Each word in the data below should be copied exactly; the images should not.

* _GIVEN INFORMATION_
**********
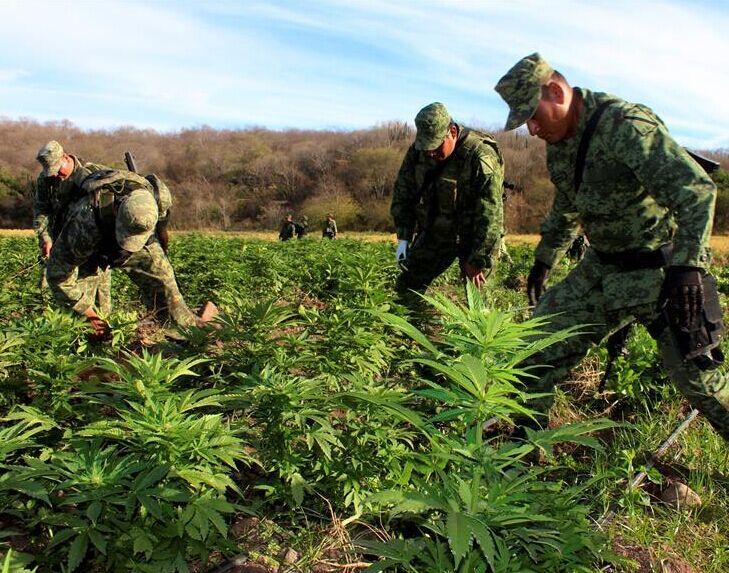 墨西哥捣毁10公顷大麻田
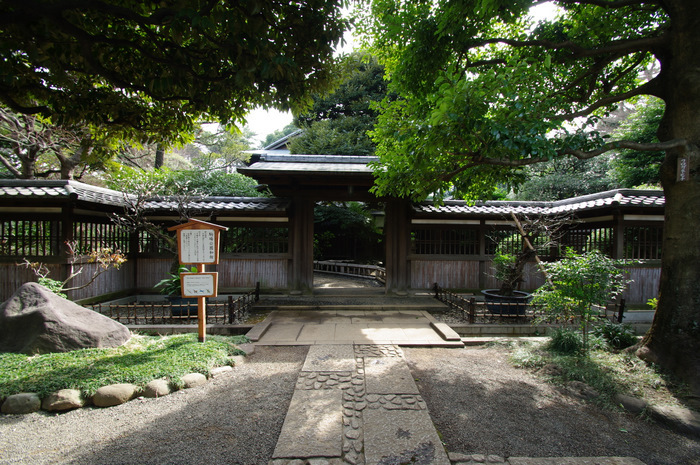 IMGP0223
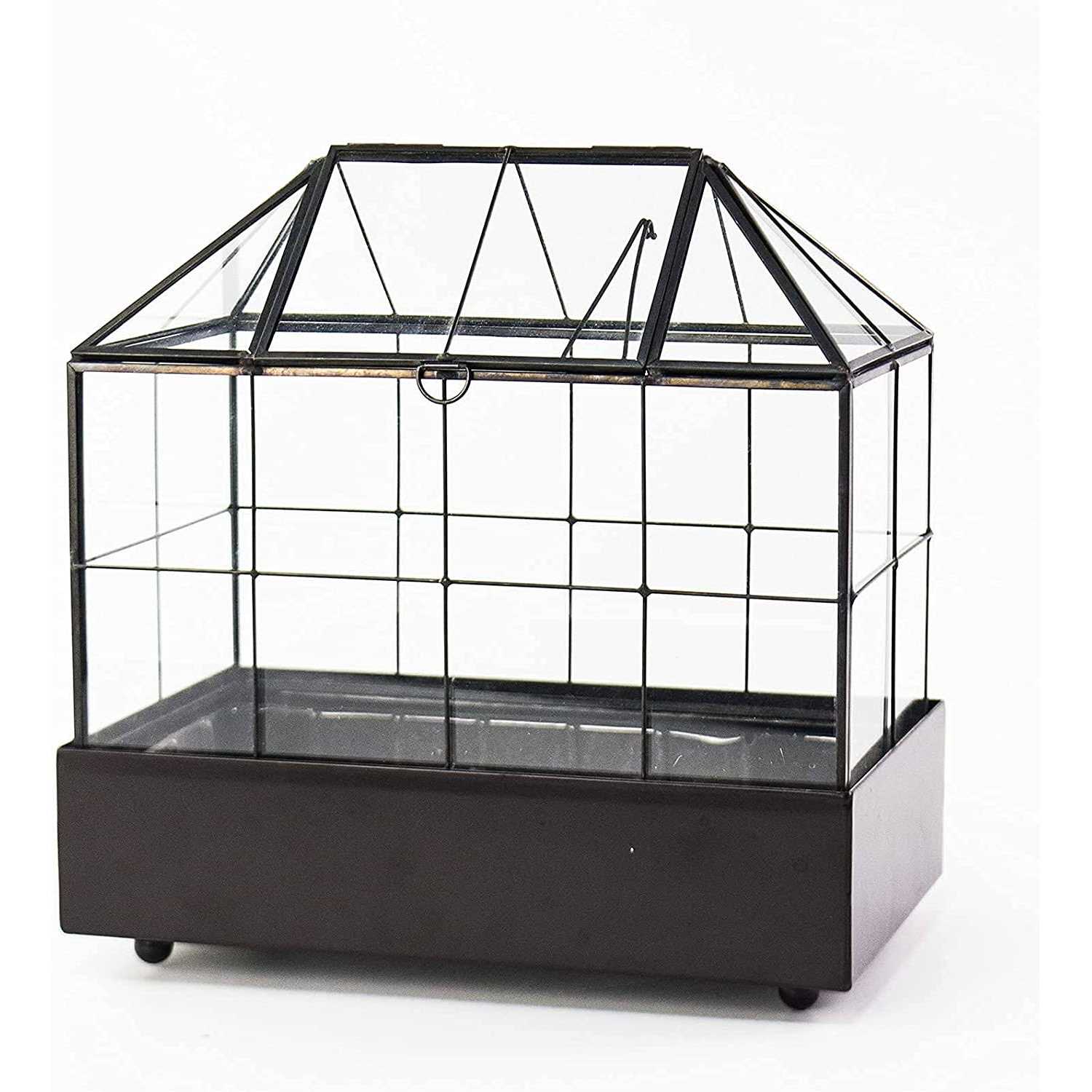 Large Tall Plant Terrarium Glass Glass Greenhouse Terrarium with Lid and Tray,Indoor Tabletop Orchid Succulent Cacti Terrarium Kit 9.5”X9.8”X5.6” - Image 3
**********
* _WRITTEN RESPONSE_
 墨西哥捣毁10公顷大麻田
 IMGP0223
 Large Tall Plant Terrarium Glass Glass Greenhouse Terrarium with Lid and Tray,Indoor Tabletop Orchid Succulent Cacti Terrarium Kit 9.5”X9.8”X5.6” - Image 3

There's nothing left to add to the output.